In last week's reading in Mark 14 my study notes stated that the sinless Son of God took on our sins and was separated from God for a while. I couldn't wrap by brain around Jesus being separated from God. The notes today explaining Jesus' words "My God, my God, why have you forsaken me" state that Jesus knew that he would be temporarily separated from God the moment he took upon himself our sins. This separation was what he dreaded as he prayed in Gethsemane. The physical agony was horrible but the spiritual separation from God was the ultimate torture. That kind of makes sense, in that God couldn't take our sins so for a moment Jesus was not part of God. That's still hard to understand--help!
Yeah, I struggle with comprehending that, too. HE was fully human, yet fully GOD. Being someone who is only fully human, I can't grasp that dual existence entirely. Being temporarily separated from yourself...can't imagine what that would be like.
This is getting deep...
I agree with the notes from Vicky's study Bible. But I also agree that this is complicated and we are limited in our understanding. J, I don't know if I agree with your premise. When Christ took on our sin, He was not like a Christian (forgiven and accepted). When He became sin, He was rejected. I think that is why He asked, "Why have you forsaken me?" He was totally separated from God, at least momentarily (maybe three days??? That's not the important part). It would seem more appropriate to compare Christ's moment of death with that of a lost sinner than a Christian. Of course, that is a complete injustice but it was His choice. He knew it was the will of God (His will also) and He also knew He would overcome.
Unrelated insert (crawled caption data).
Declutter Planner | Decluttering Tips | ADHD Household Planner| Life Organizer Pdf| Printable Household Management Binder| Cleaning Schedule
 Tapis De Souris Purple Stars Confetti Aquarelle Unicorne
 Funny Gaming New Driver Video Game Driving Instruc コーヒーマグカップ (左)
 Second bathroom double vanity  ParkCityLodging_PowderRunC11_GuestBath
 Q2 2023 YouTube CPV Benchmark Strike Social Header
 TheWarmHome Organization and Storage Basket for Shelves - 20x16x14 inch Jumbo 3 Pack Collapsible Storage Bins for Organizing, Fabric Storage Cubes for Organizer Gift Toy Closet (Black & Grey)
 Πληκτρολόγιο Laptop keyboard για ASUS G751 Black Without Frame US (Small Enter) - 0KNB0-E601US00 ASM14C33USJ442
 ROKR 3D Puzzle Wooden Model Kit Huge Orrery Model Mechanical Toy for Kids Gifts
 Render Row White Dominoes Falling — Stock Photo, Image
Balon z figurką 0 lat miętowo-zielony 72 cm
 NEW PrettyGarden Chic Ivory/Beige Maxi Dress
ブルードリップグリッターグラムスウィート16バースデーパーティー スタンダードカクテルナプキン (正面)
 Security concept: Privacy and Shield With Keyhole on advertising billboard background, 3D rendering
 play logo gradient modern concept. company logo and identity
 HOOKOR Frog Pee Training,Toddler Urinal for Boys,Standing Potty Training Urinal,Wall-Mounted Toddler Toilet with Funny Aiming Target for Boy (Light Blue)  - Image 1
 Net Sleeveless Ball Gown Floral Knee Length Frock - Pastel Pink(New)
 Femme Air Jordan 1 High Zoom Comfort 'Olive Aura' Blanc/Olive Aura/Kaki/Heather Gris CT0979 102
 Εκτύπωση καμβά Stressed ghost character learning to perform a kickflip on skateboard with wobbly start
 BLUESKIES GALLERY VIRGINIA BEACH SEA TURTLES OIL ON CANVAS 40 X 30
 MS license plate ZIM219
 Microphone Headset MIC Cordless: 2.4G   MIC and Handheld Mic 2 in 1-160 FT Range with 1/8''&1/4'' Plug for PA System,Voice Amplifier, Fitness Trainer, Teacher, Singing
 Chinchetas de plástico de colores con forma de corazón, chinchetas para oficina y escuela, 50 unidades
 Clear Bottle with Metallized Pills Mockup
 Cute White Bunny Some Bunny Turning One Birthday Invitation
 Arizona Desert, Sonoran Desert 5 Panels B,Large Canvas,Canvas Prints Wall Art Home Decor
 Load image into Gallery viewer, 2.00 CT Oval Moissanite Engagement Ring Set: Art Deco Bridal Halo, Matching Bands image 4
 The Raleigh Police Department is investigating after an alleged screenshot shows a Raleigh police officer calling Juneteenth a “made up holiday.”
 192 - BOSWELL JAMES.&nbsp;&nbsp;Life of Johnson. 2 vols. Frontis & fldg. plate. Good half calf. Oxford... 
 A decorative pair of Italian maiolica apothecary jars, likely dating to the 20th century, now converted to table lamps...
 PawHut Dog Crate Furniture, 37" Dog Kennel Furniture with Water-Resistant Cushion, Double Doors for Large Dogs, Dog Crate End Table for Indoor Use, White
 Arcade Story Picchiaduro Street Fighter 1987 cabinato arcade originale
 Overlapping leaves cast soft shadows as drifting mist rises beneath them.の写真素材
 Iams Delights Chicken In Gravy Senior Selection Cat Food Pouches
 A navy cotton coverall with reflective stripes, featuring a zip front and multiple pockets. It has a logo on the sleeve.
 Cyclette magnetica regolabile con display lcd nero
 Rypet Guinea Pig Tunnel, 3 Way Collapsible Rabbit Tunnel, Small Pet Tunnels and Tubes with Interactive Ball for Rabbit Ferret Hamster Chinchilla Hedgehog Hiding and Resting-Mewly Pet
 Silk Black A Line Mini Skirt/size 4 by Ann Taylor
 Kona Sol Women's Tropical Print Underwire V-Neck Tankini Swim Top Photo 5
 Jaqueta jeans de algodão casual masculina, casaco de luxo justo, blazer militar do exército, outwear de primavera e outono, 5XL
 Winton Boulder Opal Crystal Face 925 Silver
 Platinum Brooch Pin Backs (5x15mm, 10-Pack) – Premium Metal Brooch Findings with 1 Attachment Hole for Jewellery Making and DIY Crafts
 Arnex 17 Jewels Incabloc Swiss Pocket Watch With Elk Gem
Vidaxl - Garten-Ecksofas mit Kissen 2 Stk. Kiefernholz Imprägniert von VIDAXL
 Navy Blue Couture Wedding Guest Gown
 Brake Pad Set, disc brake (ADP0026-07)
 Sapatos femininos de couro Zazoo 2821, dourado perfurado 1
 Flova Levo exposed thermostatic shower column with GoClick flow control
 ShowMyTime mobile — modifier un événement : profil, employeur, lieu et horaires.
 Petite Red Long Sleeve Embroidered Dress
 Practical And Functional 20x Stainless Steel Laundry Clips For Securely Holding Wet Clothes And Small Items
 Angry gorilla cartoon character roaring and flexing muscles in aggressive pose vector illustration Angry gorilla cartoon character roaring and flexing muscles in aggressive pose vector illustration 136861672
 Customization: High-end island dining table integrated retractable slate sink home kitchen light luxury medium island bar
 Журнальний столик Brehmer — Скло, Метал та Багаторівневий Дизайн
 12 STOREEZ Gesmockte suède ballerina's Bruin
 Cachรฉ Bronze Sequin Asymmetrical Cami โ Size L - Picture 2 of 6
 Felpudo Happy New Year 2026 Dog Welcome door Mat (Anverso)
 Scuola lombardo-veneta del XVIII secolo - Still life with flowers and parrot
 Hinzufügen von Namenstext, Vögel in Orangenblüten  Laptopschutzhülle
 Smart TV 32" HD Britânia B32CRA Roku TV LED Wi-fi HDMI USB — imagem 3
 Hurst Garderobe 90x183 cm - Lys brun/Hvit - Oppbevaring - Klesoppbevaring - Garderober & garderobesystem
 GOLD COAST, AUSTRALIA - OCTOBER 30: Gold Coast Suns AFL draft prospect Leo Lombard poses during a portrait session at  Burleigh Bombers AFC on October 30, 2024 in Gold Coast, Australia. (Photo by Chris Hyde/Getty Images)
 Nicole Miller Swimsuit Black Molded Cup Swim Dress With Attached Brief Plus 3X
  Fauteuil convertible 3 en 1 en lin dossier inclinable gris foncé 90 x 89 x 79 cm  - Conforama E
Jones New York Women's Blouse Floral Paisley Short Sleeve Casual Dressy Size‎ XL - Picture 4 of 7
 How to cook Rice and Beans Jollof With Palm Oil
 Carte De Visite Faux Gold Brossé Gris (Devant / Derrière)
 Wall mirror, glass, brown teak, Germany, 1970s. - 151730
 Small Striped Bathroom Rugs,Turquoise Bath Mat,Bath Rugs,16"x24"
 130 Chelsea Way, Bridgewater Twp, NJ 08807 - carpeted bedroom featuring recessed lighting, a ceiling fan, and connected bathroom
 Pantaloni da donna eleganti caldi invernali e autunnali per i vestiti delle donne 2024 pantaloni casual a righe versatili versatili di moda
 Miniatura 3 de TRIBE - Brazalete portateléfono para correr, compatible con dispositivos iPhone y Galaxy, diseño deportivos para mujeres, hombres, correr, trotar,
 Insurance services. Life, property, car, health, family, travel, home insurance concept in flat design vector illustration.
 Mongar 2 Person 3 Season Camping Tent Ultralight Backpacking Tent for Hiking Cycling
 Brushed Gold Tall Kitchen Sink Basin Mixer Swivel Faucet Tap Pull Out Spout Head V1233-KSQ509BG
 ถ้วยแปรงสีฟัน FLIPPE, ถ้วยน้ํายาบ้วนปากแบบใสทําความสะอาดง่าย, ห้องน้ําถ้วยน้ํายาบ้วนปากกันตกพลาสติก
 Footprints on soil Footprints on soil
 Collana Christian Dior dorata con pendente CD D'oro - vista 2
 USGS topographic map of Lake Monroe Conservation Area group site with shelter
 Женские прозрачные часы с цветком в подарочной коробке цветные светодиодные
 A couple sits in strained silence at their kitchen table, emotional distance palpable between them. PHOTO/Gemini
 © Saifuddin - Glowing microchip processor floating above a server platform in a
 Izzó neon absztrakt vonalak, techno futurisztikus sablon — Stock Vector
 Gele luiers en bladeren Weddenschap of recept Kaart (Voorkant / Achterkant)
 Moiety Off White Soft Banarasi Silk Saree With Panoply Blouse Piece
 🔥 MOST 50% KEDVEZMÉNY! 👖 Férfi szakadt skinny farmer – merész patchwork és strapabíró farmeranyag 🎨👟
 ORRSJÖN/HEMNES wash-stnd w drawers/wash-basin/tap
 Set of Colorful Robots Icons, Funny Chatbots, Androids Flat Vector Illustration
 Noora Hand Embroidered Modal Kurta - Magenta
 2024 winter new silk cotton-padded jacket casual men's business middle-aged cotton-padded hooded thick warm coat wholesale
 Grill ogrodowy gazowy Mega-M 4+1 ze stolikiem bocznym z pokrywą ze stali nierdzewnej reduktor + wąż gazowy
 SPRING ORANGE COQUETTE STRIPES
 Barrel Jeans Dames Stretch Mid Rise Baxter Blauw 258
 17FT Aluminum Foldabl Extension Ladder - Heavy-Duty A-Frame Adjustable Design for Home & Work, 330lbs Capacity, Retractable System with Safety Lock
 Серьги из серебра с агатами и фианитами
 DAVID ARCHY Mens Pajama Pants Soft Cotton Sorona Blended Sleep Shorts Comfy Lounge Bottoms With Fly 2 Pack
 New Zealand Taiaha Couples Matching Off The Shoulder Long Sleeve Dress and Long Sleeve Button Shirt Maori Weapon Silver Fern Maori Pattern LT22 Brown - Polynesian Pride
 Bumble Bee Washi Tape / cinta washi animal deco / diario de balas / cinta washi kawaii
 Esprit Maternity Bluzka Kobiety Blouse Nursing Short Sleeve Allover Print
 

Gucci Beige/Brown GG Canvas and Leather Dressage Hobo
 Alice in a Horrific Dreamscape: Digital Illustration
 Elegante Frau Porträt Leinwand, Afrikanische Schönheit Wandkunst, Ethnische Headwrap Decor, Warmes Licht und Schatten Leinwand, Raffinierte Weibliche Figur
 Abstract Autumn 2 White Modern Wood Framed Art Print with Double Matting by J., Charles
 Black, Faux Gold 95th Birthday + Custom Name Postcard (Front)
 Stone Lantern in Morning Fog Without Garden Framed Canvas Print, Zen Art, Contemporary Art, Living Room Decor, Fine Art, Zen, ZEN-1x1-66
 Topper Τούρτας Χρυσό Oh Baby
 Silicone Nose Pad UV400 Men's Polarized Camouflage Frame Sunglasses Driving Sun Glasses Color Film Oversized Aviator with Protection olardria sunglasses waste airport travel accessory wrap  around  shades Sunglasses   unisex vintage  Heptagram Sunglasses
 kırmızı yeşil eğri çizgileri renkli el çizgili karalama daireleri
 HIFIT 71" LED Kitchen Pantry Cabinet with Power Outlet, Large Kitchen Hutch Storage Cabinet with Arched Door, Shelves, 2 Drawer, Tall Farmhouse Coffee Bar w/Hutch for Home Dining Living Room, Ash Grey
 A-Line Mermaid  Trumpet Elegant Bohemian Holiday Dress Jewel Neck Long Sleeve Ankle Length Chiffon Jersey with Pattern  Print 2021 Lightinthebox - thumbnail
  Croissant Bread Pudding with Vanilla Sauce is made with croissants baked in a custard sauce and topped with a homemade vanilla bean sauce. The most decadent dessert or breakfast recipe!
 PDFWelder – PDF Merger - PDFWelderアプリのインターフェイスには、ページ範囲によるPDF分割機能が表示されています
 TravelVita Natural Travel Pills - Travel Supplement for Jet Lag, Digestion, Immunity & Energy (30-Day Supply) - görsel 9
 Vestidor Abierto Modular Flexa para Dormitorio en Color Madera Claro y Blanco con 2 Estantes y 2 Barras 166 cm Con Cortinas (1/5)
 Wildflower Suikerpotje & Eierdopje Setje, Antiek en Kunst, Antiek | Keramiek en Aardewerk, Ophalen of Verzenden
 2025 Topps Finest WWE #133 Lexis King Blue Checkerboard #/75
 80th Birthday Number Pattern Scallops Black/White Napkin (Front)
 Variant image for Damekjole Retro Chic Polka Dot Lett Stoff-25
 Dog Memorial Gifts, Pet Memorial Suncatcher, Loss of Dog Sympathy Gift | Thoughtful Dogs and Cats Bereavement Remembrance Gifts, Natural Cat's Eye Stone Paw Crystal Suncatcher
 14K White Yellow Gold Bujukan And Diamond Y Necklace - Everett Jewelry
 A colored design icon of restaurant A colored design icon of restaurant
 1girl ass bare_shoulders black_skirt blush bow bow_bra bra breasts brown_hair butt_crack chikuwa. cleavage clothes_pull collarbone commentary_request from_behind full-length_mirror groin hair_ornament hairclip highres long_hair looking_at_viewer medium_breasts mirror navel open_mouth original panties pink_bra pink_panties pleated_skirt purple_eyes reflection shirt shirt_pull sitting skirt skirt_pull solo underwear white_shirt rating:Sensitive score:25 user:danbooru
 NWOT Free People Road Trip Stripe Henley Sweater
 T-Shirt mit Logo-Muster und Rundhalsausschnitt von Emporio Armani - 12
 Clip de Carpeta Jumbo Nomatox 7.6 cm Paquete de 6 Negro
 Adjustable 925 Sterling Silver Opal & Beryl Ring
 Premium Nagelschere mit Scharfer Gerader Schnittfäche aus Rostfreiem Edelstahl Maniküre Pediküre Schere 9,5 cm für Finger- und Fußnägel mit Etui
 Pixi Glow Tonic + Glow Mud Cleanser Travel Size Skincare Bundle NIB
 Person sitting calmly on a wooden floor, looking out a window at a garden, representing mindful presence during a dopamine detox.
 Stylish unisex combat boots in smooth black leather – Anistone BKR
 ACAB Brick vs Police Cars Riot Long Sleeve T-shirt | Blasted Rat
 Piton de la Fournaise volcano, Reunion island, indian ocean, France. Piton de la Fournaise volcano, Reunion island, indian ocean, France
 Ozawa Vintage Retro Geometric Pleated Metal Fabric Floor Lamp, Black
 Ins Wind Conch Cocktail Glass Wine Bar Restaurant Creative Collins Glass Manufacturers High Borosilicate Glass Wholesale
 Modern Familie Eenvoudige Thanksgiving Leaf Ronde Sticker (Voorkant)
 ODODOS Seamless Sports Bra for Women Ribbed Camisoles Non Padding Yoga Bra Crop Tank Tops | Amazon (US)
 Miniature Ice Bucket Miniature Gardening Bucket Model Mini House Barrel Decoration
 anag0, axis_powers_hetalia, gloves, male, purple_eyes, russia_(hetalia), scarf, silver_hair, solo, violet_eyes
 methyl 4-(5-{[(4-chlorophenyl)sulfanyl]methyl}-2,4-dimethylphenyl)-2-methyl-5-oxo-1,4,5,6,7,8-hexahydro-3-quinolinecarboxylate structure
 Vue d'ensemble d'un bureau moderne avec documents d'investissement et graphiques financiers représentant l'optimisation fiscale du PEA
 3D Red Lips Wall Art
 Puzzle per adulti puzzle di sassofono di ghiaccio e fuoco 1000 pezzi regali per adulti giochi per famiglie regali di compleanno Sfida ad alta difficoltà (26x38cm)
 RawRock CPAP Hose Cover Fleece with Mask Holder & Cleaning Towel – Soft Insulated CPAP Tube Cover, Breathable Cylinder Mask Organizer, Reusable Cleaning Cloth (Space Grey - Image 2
I don't know, what do you think?
This is hard to understand.What is harder to understand is how anyone could say Jesus is not the messiah after all the Old Testament prophesies about Him were fulfilled. Is is amazing that He had the power to stop the crucifician at any time. I'm glad He didn't.
Frankly, we are getting into issues too complicated to discuss in this format. I agree Jesus' words had the dual purpose of conveying his present situation and taking his listeners back to the Psalm. It wasn't a mistake that He quoted Scripture. But these words also accurately described His experience. The rest we will have to table for another time. The only thing we need to be able to say with confidence is that Jesus died for us and He remains our only hope.